The
Halo-Halo Review is
pleased to interview authors in the aftermath of a book's release. This
issue’s feature is Paolo Javier.
What is your most recent book?
Court of the Dragon (Nightboat Books).
When was it released?
June 2015.
What has been the response?
Thrilling, to say the
least. Some highlights:
- On the eve of
the book's launch, the great Ian Frazier of The New Yorker
interviewed me for a Talk of the Town profile. (I've been a long
time fan of Mr. Frazier's writing, so you can imagine the bright smile on my dark face
when he starts quoting lines of my poetry during our meeting.)
- The brilliant
occult/cinema studies scholar and novelist Alan Ramon Clinton wrote an
appreciative essay, 'Paolo Javier's Double Seance', published in
The Volta.
- Lynne Sachs, one of my
fave filmmakers, made a short film with Sean Hanley, Starfish Aorta
Colossus, in response to/adapting one of the sonnets from a long sequence
of the same name in Court of the Dragon. Starfish Aorta Colossus
has made the rounds in a number of important experimental film festivals,
including the recent Black Maria Film Festival, where it received an award.
- Court of the Dragon
also opened the door to a new
collaboration with the brilliant electronic artist Listening Center,
aka David Mason.
- Inclusion in this year's
Greater
New York show @ MoMA PS1, where I invited Listening Center to
perform with me.
- Publisher's Weekly, not
usually a reviewer of experimental poetry, wrote some
nice things about the book. (Why is it filed under
'fiction'?)
What has surprised you about the response?

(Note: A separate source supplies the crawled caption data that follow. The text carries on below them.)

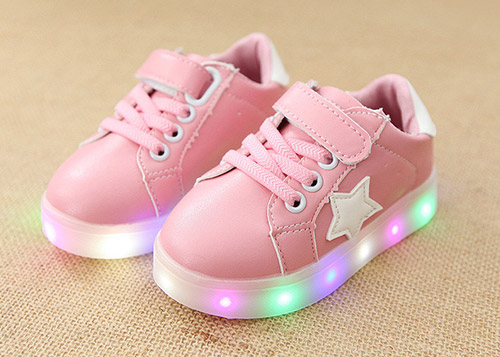 A pair of pink LED shoes.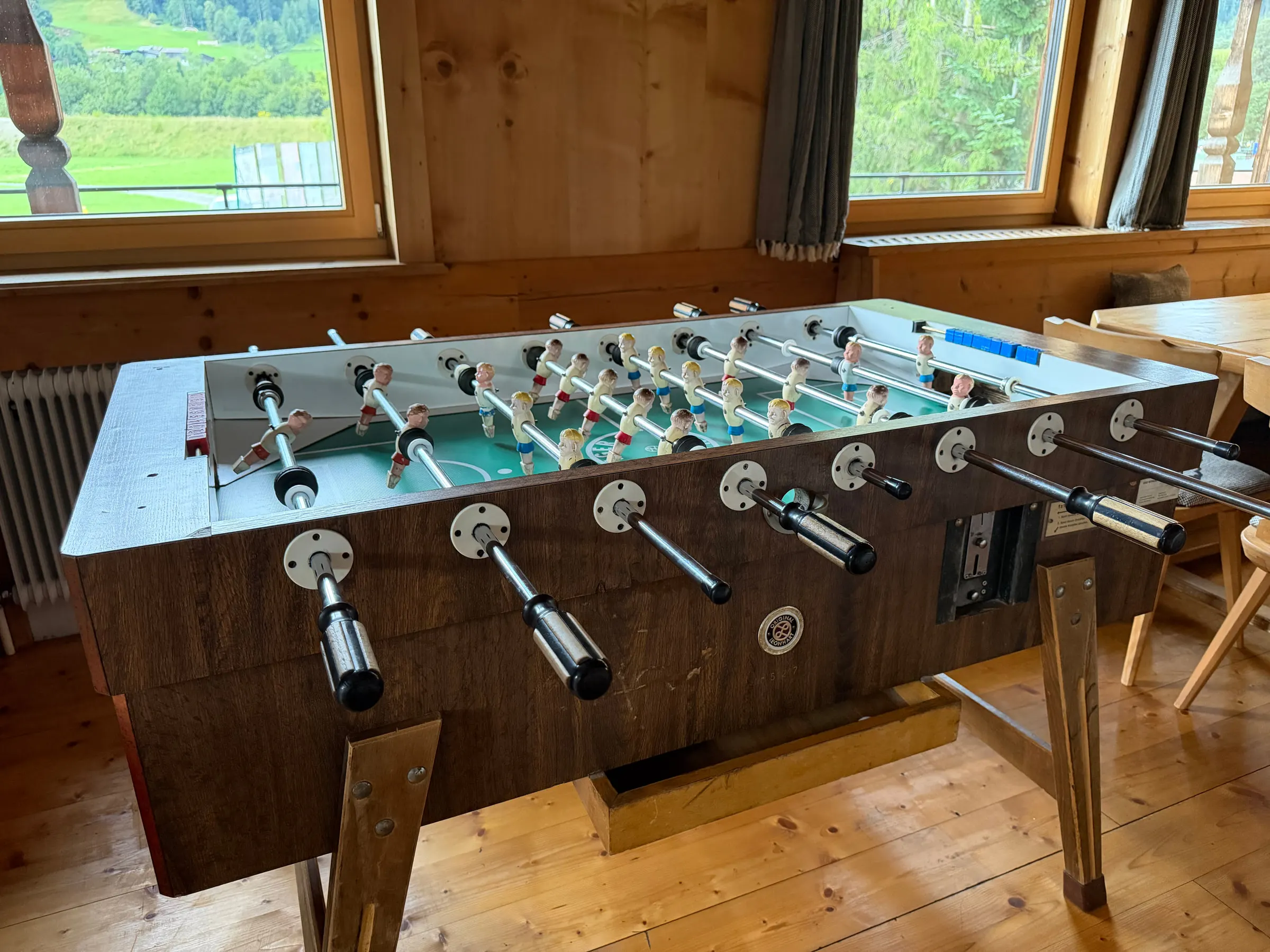 Tischkicker aus dunklem Holz vor zwei Fenstern mit Blick auf Wiesen und Berge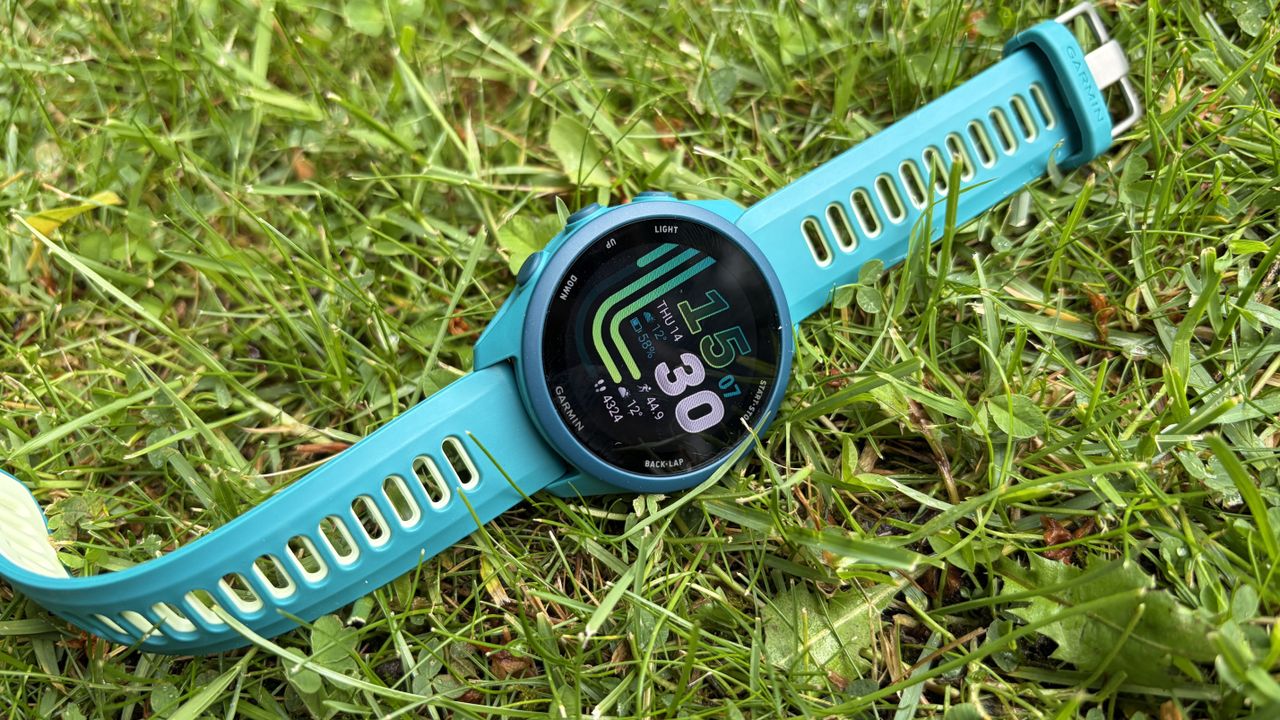 Garmin Forerunner 170 laid out on grass outside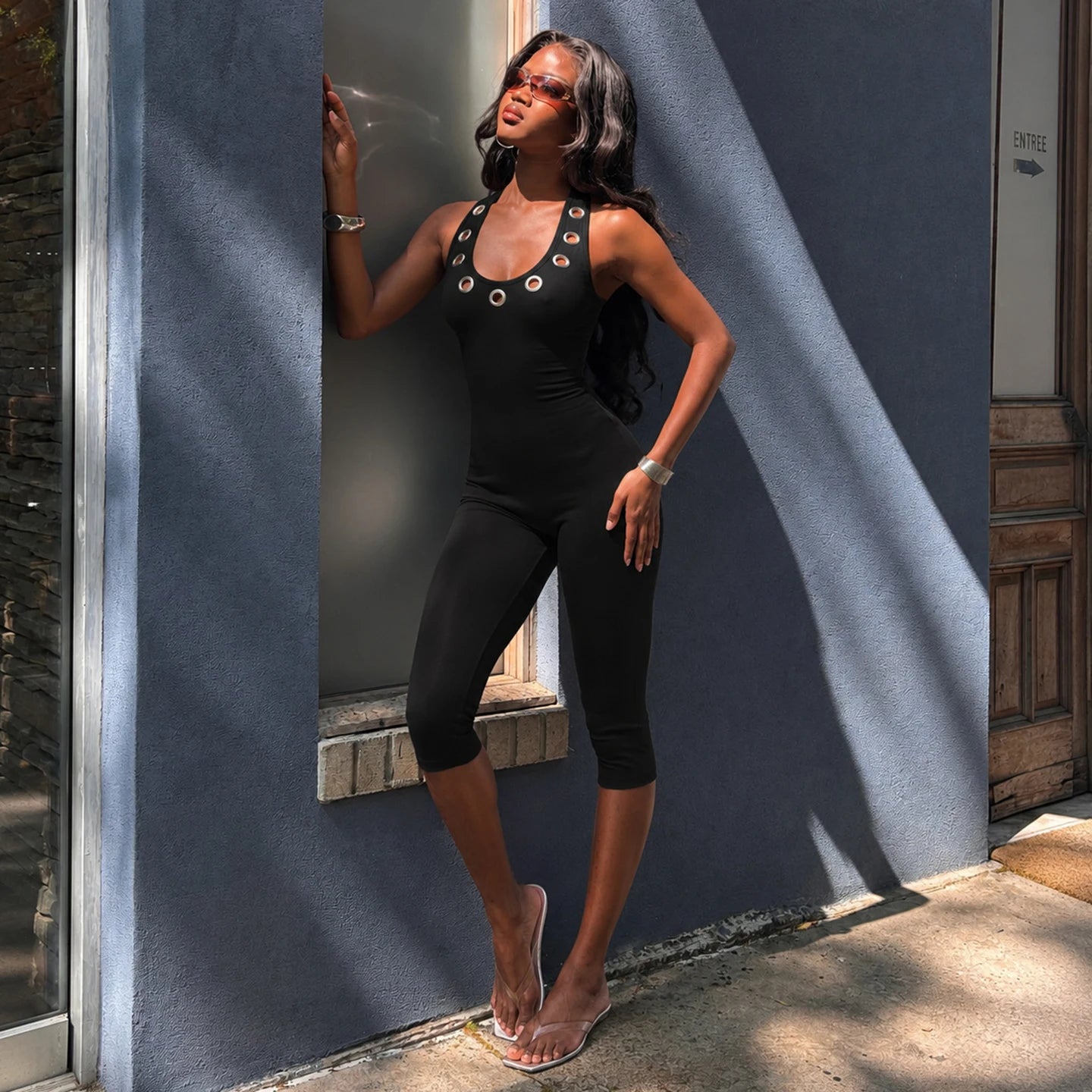 Women's Sleek Black Halter Jumpsuits With Eyelet Detailing Form-Fitting Capri Length Design Chic And Minimalist Summer Outfits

I should first acknowledge
the response from Stephen Motika, editor/publisher extraordinaire, who
championed the manuscript from the-get. This surprised me; Court of the
Dragon's "composed indeterminacy" (to borrow from Joan Retallack)

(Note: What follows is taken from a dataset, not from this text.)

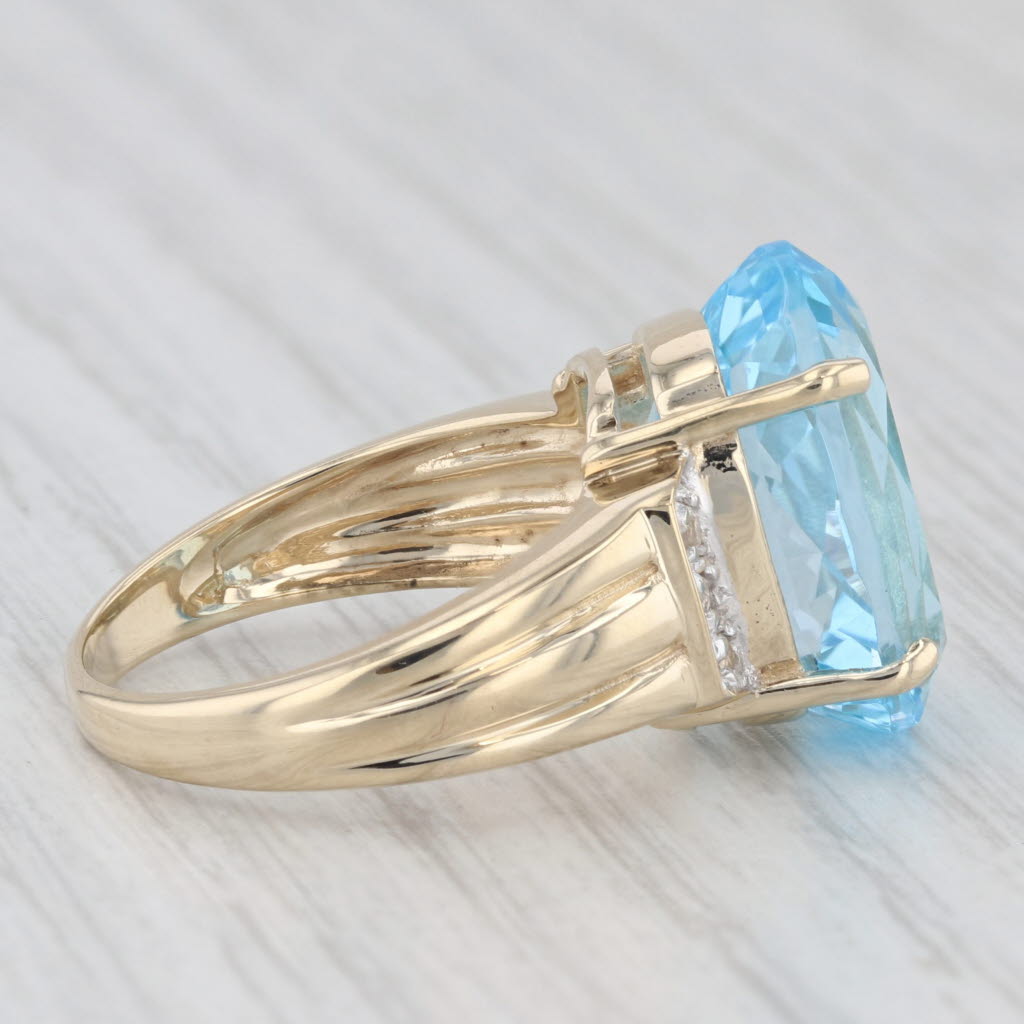 Light Gray 13.22ctw Blue & White Topaz Ring 9k Yellow Gold Large Oval Solitaire Size 7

& esoteric designs would've turned most publishers away. Not only does Nightboat accept my m.s., but they also publish a version that exceeds my expectations.
It's a nice book.
Given that I have zero
presence on social media (I've been Facebook-free since 2010), I am, of course,
grateful for any attention given to CoD. But I'm especially thrilled to
hear from writers and artists I respect. Fellow Nightboater Jill Magi posted this blog recently. And at the end of a Nightboat reading in the city last month, Alex Katz, one of my
all-time favorite painters, walked over to tell me that he bought a copy
of CoD.
Tell me
something about the book that may not be obvious or known.
Here are two:
i) The title is drawn from
the name of a Robert W Chambers story, & a chapter in Max Ernst's Une
Semaine Du Bonte.
ii) Court of the Dragon, aka (Fi)l'amour Fou.
What are you
working on now?
Completing Ur'lyeh
and Aklopolis, a new collaboration with Listening Center that'll appear
as a limited edition book and cassette tape published by Flughschriften in
April.
*****
PAOLO JAVIER's collaboration with Listening Center (aka David Mason) will appear as a limited edition book, Ur'lyeh, and cassette, Aklopolis, published by Flugschriften in Spring 2016. He lives with his wife and young daughter in Sunnyside, Queens.